A deterioração fiscal, que está na raiz da crise econômica dos últimos quatro anos, teve efeitos dramáticos sobre a poupança que deveria financiar a expansão do investimento. A taxa de poupança média de 18,2% do PIB entre 2010 e 2013 despencou para 13,9% do PIB no ano passado, segundo dados do Centro de Estudos do Mercado de Capitais (Cemec). Isso decorreu da despoupança do setor público (de 6% do PIB), que passou a gerar déficits e a agravar a trajetória da dívida como proporção do PIB. A poupança do setor privado, ao contrário, subiu de 17,47% para 19,9% do PIB. A dívida pública que representava 50,8% do PIB em 2013, hoje corresponde a 72% do PIB.
Cerca de 72% de todos os recursos captados pelo sistema bancário estão aplicados em títulos da dívida pública, segundo o Cemec. Ou seja, boa parte da poupança financeira está custeando o endividamento do setor público em detrimento do investimento privado.
O investimento público caiu de 2,7% do PIB em 2013 para 1,8% do PIB em 2016 e o privado diminuiu de 19% para 13,7% do PIB, levando a taxa de investimento para magros 15,4% do PIB.

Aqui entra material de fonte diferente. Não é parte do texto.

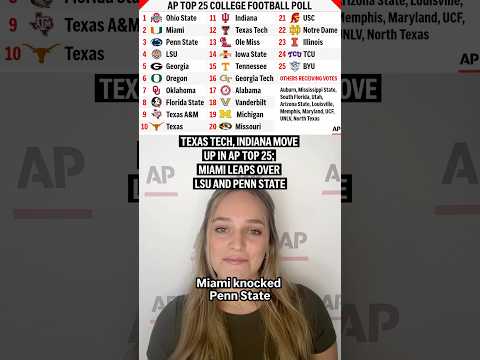 texas-tech,-indiana-move-up-in-ap-top-25;-miami-leaps-over-lsu-and-penn-state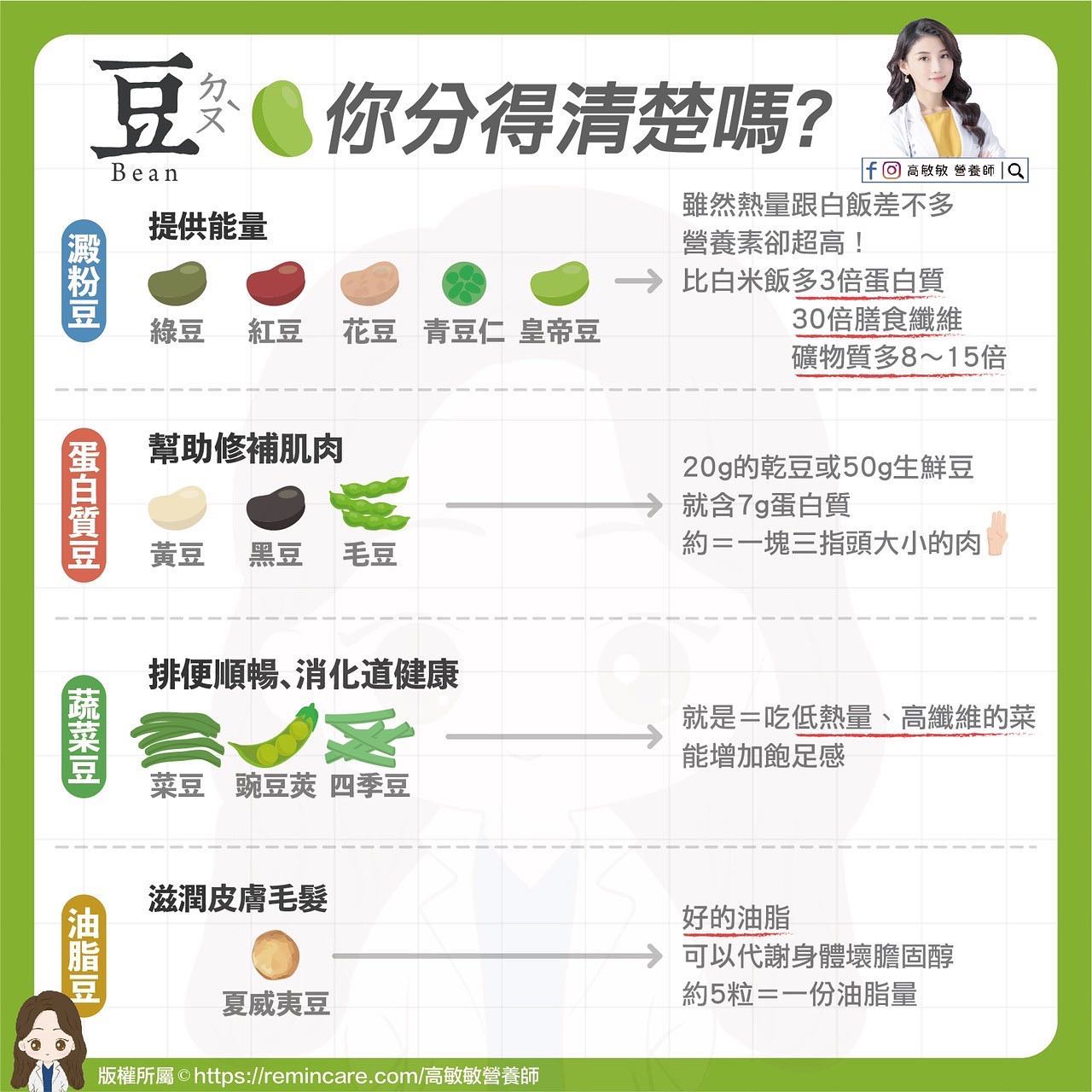 圖/翻攝自 高敏敏營養師/臉書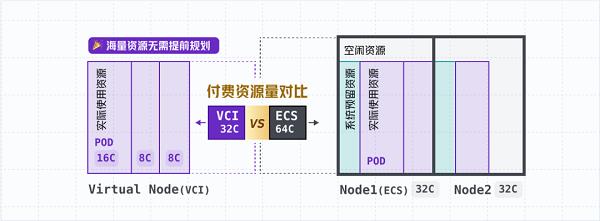 火山引擎弹性容器实例：从节点中心转型 Serverless 化架构的利器(图1)
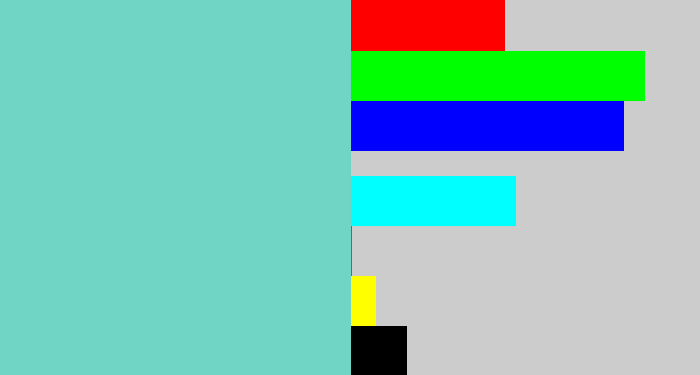 Hex color #71d5c6 - seafoam blue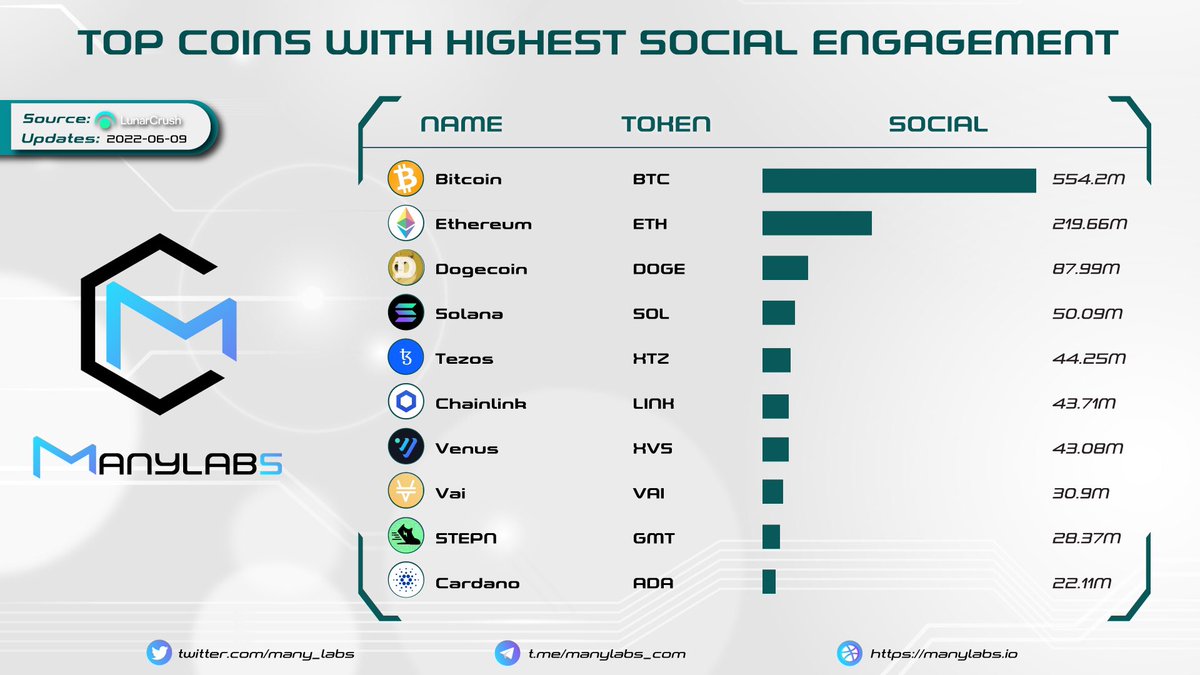 many_labs's tweet image. 𝐓𝐎𝐏 𝐂𝐎𝐈𝐍𝐒 𝐖𝐈𝐓𝐇 𝐇𝐈𝐆𝐇𝐄𝐒𝐓 𝐒𝐎𝐂𝐈𝐀𝐋 𝐄𝐍𝐆𝐀𝐆𝐄𝐌𝐄𝐍𝐓 🔔

@Bitcoin @ethereum @dogecoin @solana @tezos @chainlink @VenusProtocol #VAI @Stepnofficial @Cardano 
 
#ManyLabs #News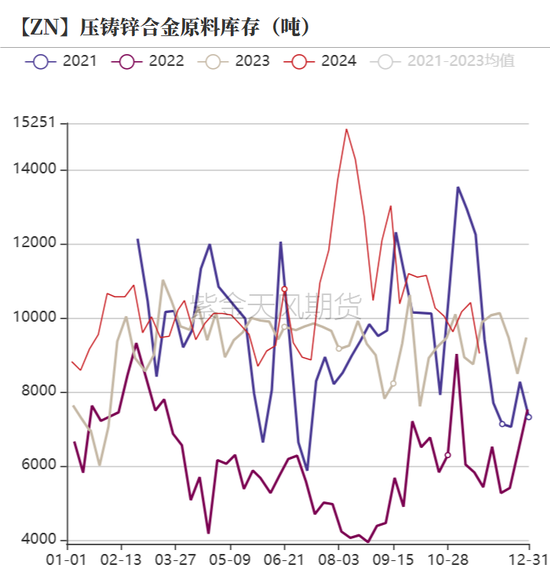 鋅：以震啟新紀(jì)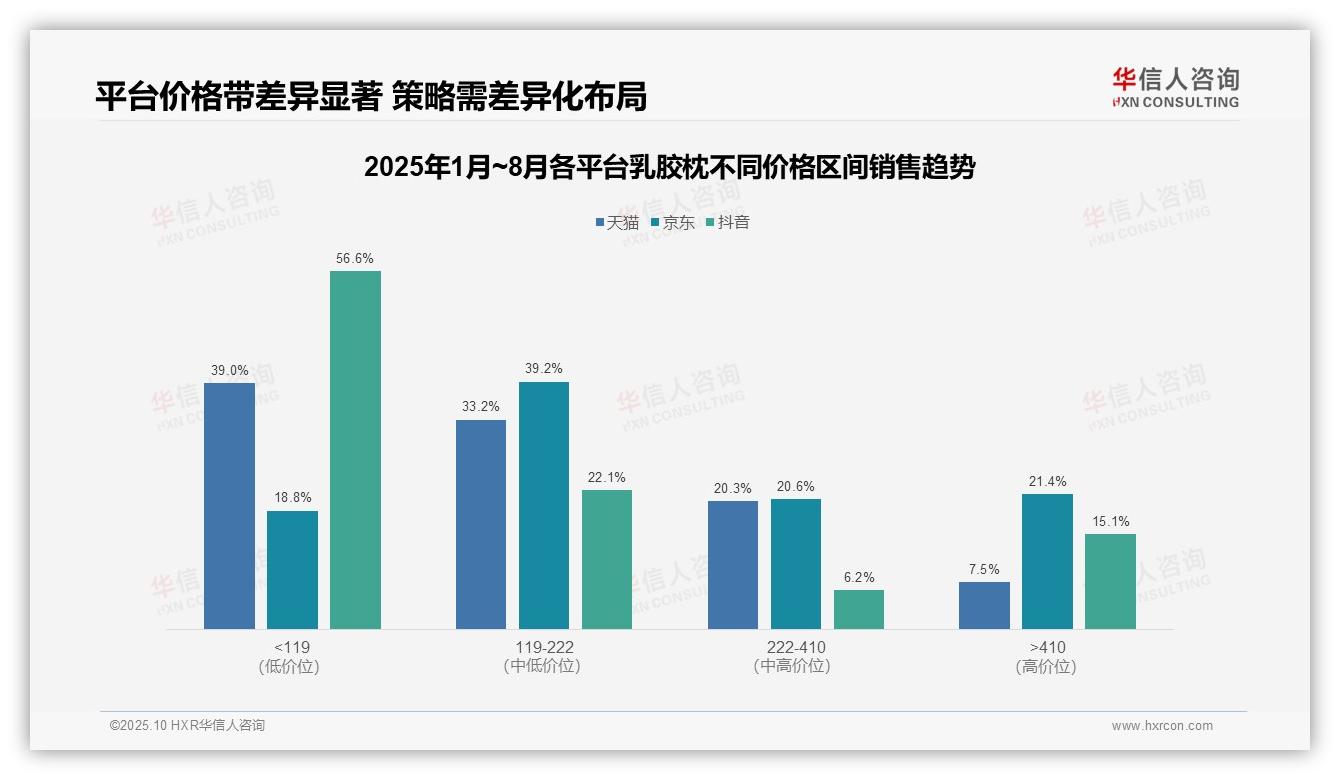 数据说话：华信人咨询报告指出抖音乳胶枕低价产品销量占比56.6%-2025年10月-乳胶枕-38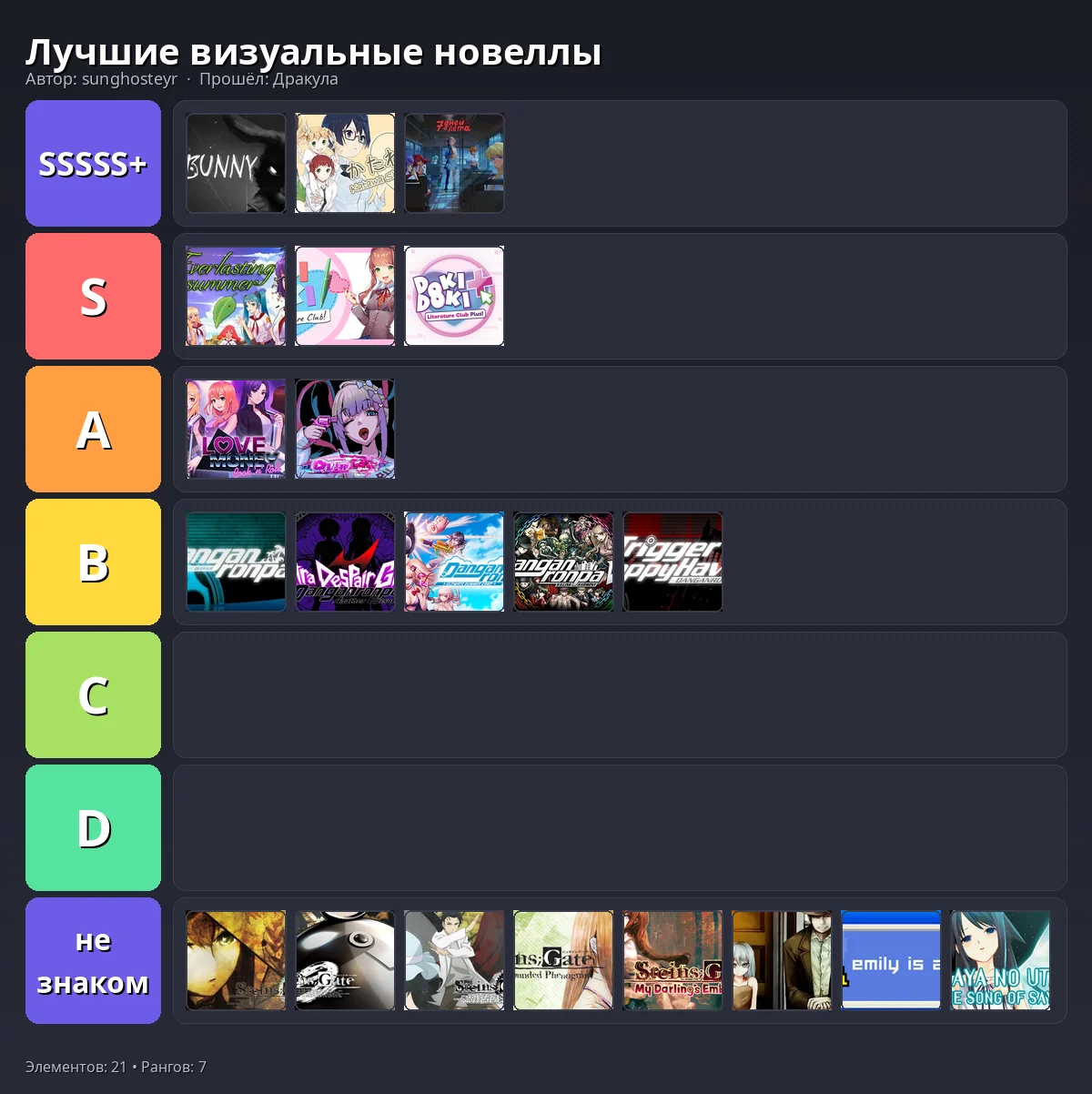 Тир-лист результат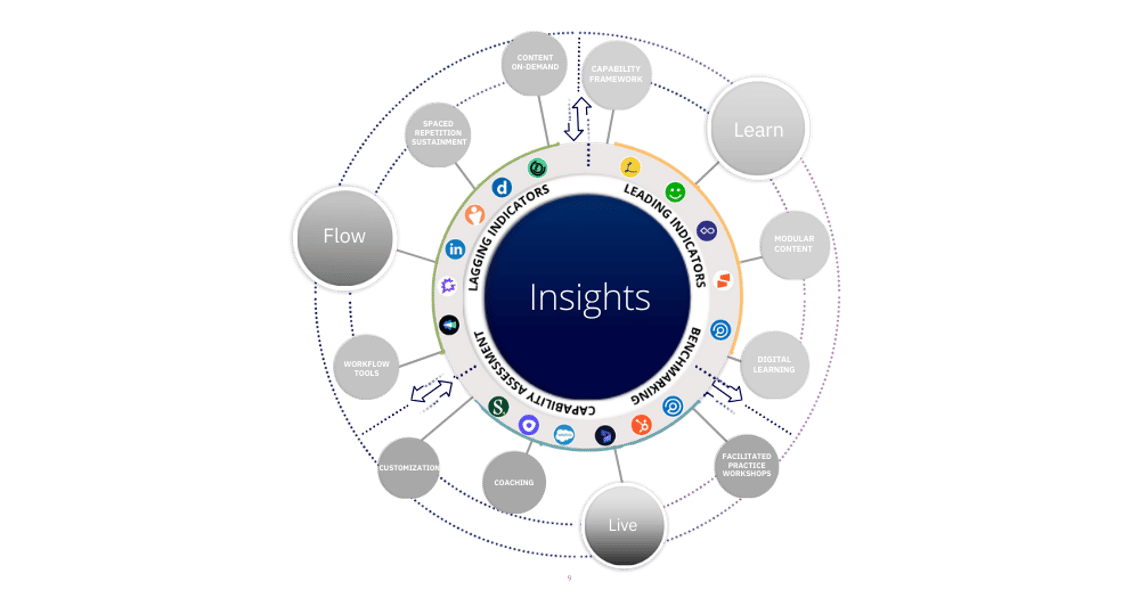 graphic showing the insights component of the Accelerate Sales Performance System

Objetivamente, com o setor público drenando boa parte da poupança para cobrir seus "rombos" e frente à redução do déficit externo em conta corrente, os recursos para financiar a expansão dos investimentos são escassos. E é do aumento dos investimentos privados que se espera a retomada do crescimento. Enquanto o governo e o Congresso não solucionarem a crise política e o "rombo" fiscal, o crescimento será miragem.